Relationships the key to church planting

How do you plant a church? has been a new question for me these days. I have agreed to lead a church planting team from my church, Iglesia Bautista Getsamani. First I need to write a strategic plan, then form a team (and hopefully a multi-church agreement), and then get to work on actually starting up the work.

If you were me, what would you do first? It obviously depends up philosophy and context and a million variables. Would you survey first? Talk to other denominations/missions? Look for a store front to rent? Or perhaps the “who” is more important than the “where.” Would you concentrate on finding a good team and forming a good strategy for working together? Who will do what? When? How?

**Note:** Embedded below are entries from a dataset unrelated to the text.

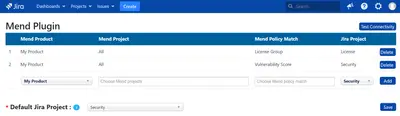 Mend for Jira Data Center (formerly WhiteSource) for Atlassian — screenshot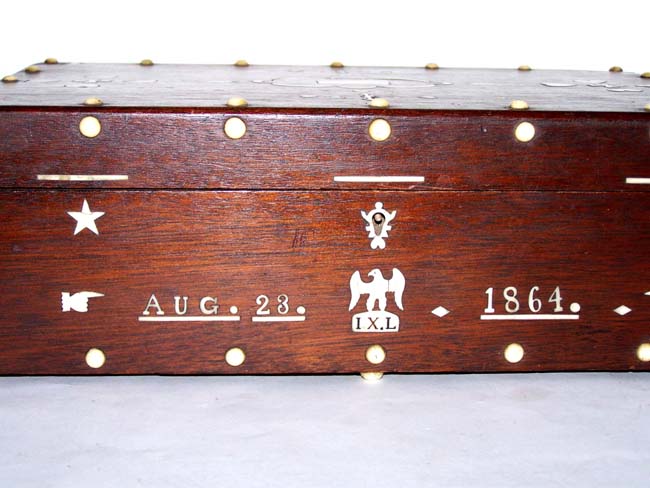 A Charming 19th century Sailor Made Folk Art Sewing Box with Ivory Inlays dated 1864 — image 2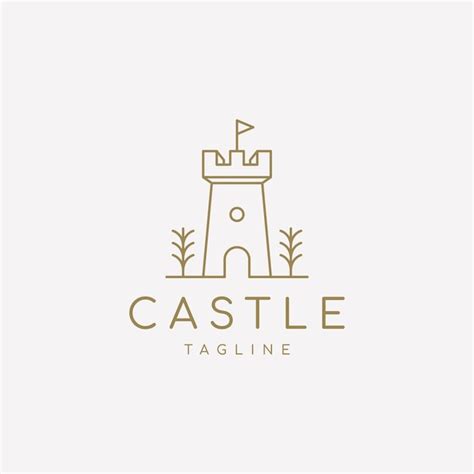 Plantilla De Dise O De Logotipo Del Castillo Arte De L Nea Vectorial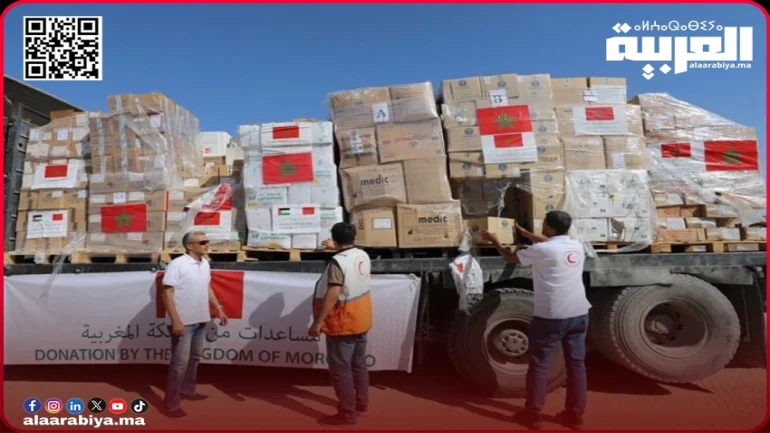 المغرب يرسل مساعدات إنسانية إضافية إلى غزة بتعليمات من جلالة الملك محمد السادس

In the end though, if the goal is a church building, we have missed the point. Consider our forerunners in Acts or Paul himself. Was his intent to start a church or to share the message? Perhaps both. Which came first though? When I read Acts and the Epistles I find a much greater emphasis on relationships than I do on buildings and programs, a simple point to miss amidst the fog and pressures of church programming.

So we covet your prayers for wisdom in this church planting endeavor. We also ask for prayer for the 20 girls at the Vientos de Esperanza home for abused girls that is quickly becoming our family’s personal ministry. The commentary on their life is so sad, but the hope many of them have found in Christ and the joy they now have for life so quickly grabs your heart. Pray for Melita the director who ministers daily to the physical, emotional, and spiritual needs of these girls.

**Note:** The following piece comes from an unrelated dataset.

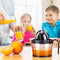 Citrus Juicer, Sunhanny Orange Lemon Manual Hand Squeezer, Anti-Slip Lid Rotation Reamer Lime Press, 17-Ounce Capacity, Transparent Black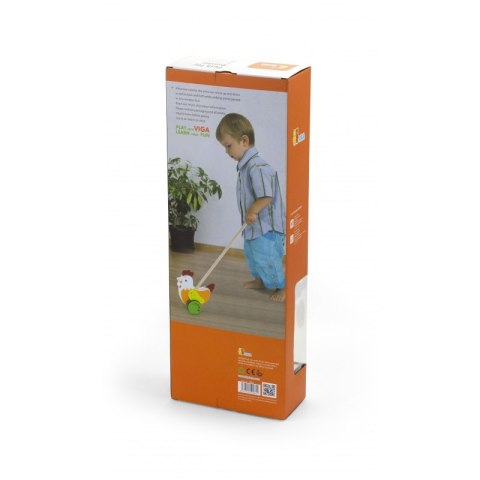 VIGA Drewniany Pchacz Edukacyjny Kurka 18m+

When they take your “stuff”

Being robbed feels like a violation. We returned home to our house a few weeks ago to discover a back door open. A quick glance into the office confirmed our suspicion. Someone robbed us.

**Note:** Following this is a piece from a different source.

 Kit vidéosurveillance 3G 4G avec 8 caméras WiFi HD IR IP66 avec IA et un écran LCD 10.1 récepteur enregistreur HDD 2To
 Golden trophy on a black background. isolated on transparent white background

That Friday was a holiday and we thought we would go see a movie. We were only gone for 2 hours. In that short amount of time, someone stole around $12,000 worth of electronics, money, and jewelry. I openly confess that I was angry. Snorting like Ferdinand the Bull (remember that kids story? He was stung by a bee…), I wanted revenge. A missionary friend came over and recommended that we pray. I didn’t want to pray. I confess I didn’t close my eyes. Is that a sin? Someone was watching my house after all. Someone was staking out my family. I was ready for some revenge.

As the emotion twisted toward fear, a gnawing sense of letting down my family by not exercising my husband-ly and fatherly duty of keeping us and our stuff safe steadily grew inside of me. I am the man of the house. Security is my duty. A carnal thought rumbled like an incoming storm—why did God let this happen? I left my home, family, and friends to serve him in a foreign country. I at least deserve his protection. It was then than my conscience, ie. my wife, pulled the rug out from under my lament. He did protect us. We were not in the house when the robber came in. We can recoup $12 grand. We should be most thankful for being safe.

After all, stuff is just stuff. Oh, it is easy to lose sight of the value of stuff. Compared to health and safety, it’s not much. Just stuff. Only then, days later, did I first realize (and accept) that he did protect us. Yes, he protected us from potential violence. He protected us even more from allowing stuff to become more than simply inert compounds with no eternal future. We were safe. He was good to us.

I have suggested to others that it is good to get robbed every few years (this is our fourth time) so that the stuff of this world retains its proper place and value. Slightly above worthless and way below everlasting. Just stuff.